Activity: Reprint the lines below as they are, minus the pictures.

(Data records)
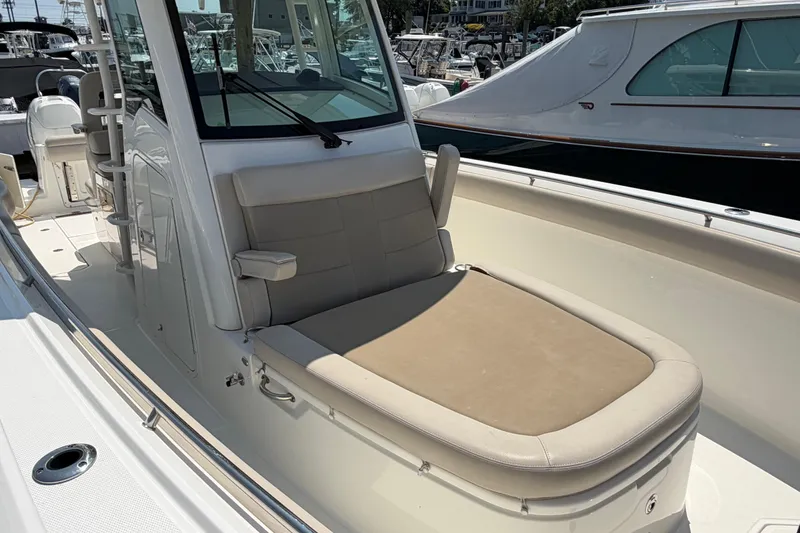 Slide: The Image of 2017 Boston Whaler 330 Outrage boat interior with cushioned seating and helm station. - 11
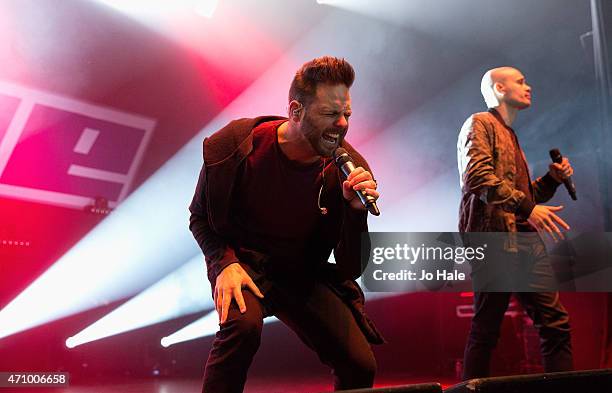 Scott Robinson and Sean Conion of the band 5ive perform on stage at O2 Shepherd's Bush Empire on April 24, 2015 in London, United Kingdom.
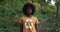 Portrait of young afro american woman wearing t shirt with recycling symbol on it looking to camera. Millennial female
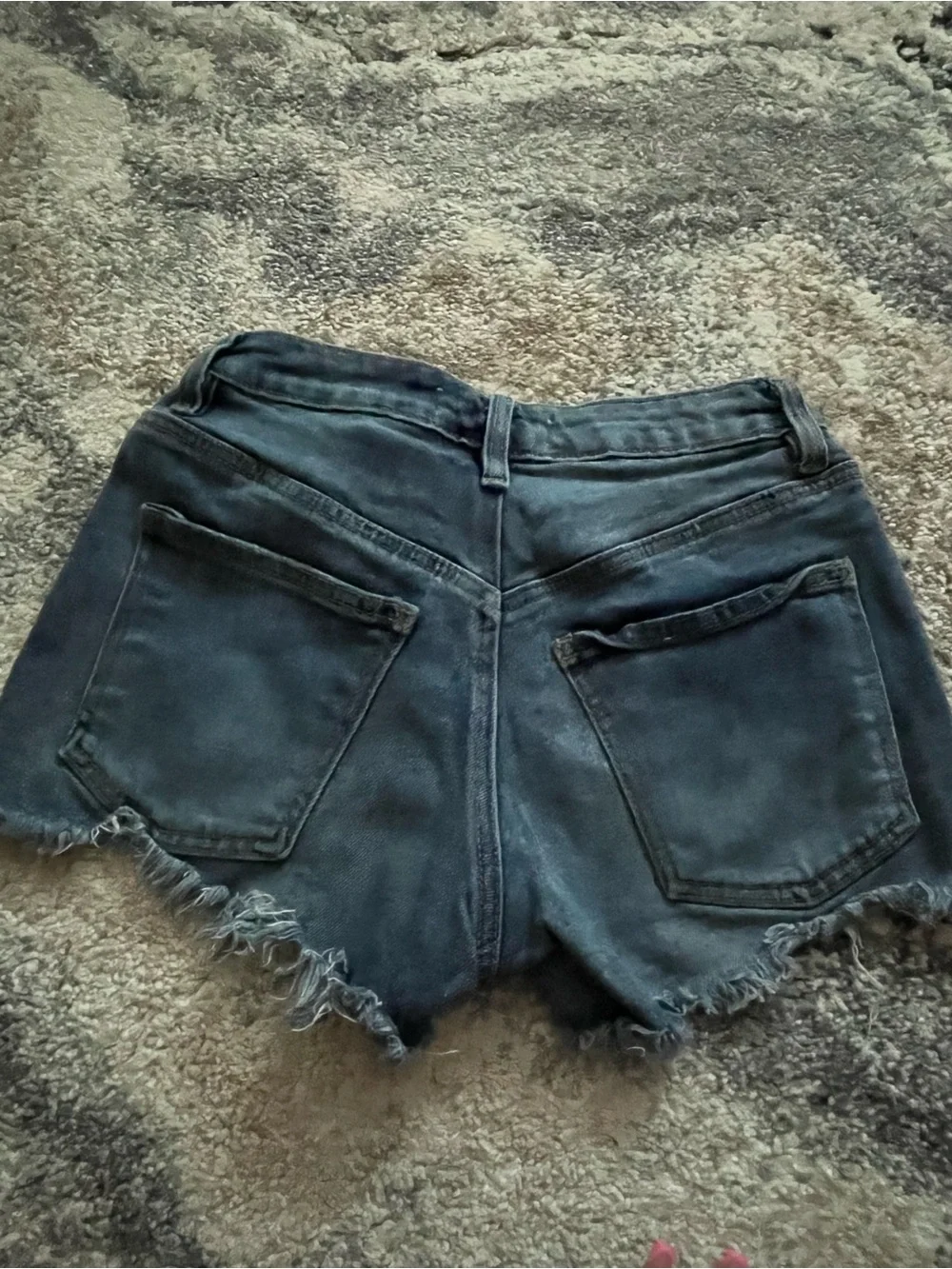 blue denim distressed shorts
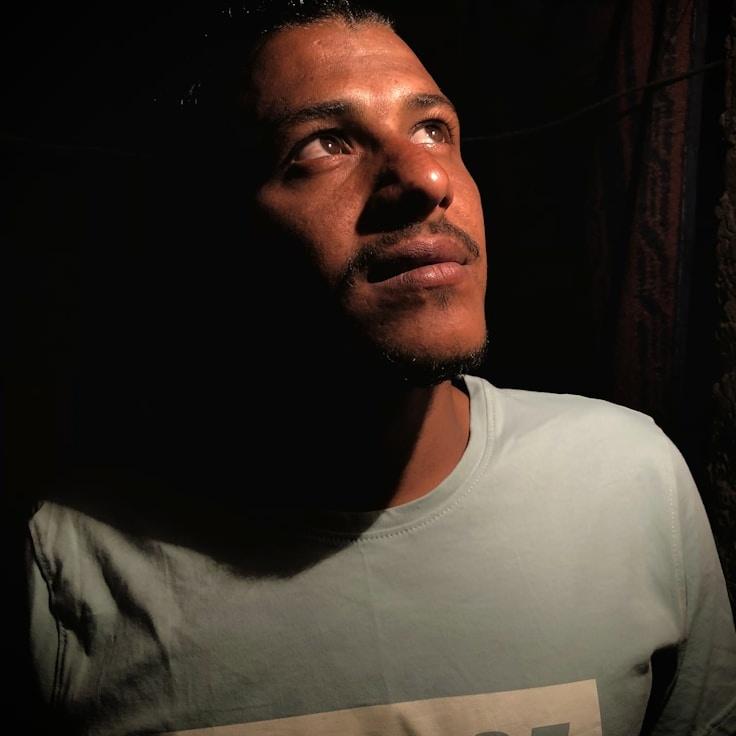 Avery Chen, Lead Design Curator at Crimson Forest Matrix, reviewing corporate floral arrangements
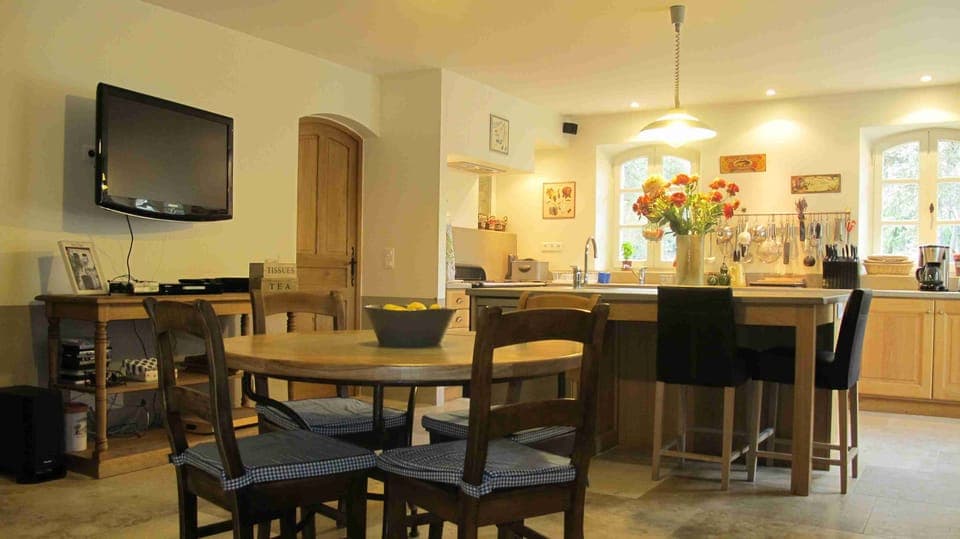 eat-in kitchen with a large TV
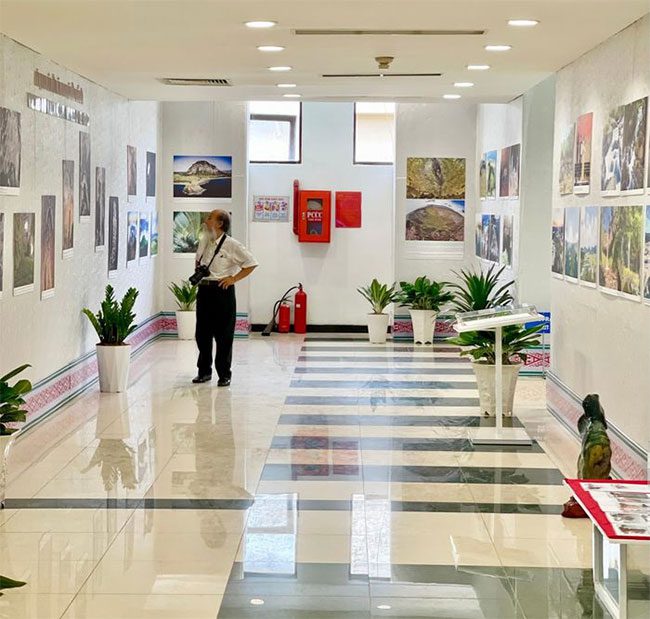 A delighted visitor admiring images of volcanic caves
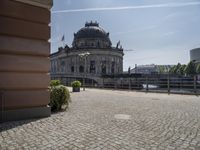 a beautiful building in a city near water with some statues on the wall and a bench nearby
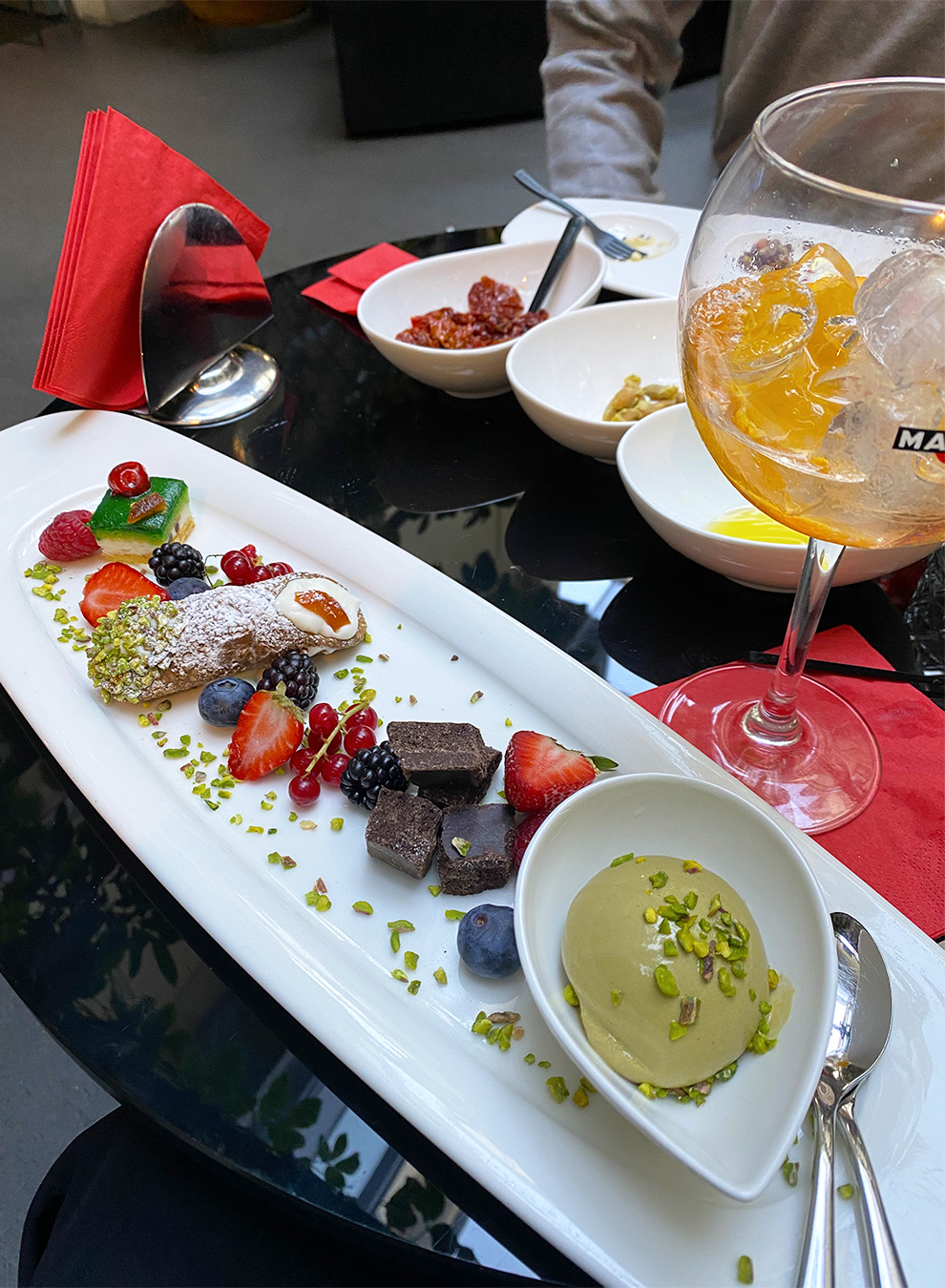 Aperitivo time in Italy: plate with Sicilian dessert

Task solution:
 Slide: The Image of 2017 Boston Whaler 330 Outrage boat interior with cushioned seating and helm station. - 11
 Scott Robinson and Sean Conion of the band 5ive perform on stage at O2 Shepherd's Bush Empire on April 24, 2015 in London, United Kingdom.
 Portrait of young afro american woman wearing t shirt with recycling symbol on it looking to camera. Millennial female
 blue denim distressed shorts
 Avery Chen, Lead Design Curator at Crimson Forest Matrix, reviewing corporate floral arrangements
 eat-in kitchen with a large TV
 A delighted visitor admiring images of volcanic caves
 a beautiful building in a city near water with some statues on the wall and a bench nearby
 Aperitivo time in Italy: plate with Sicilian dessert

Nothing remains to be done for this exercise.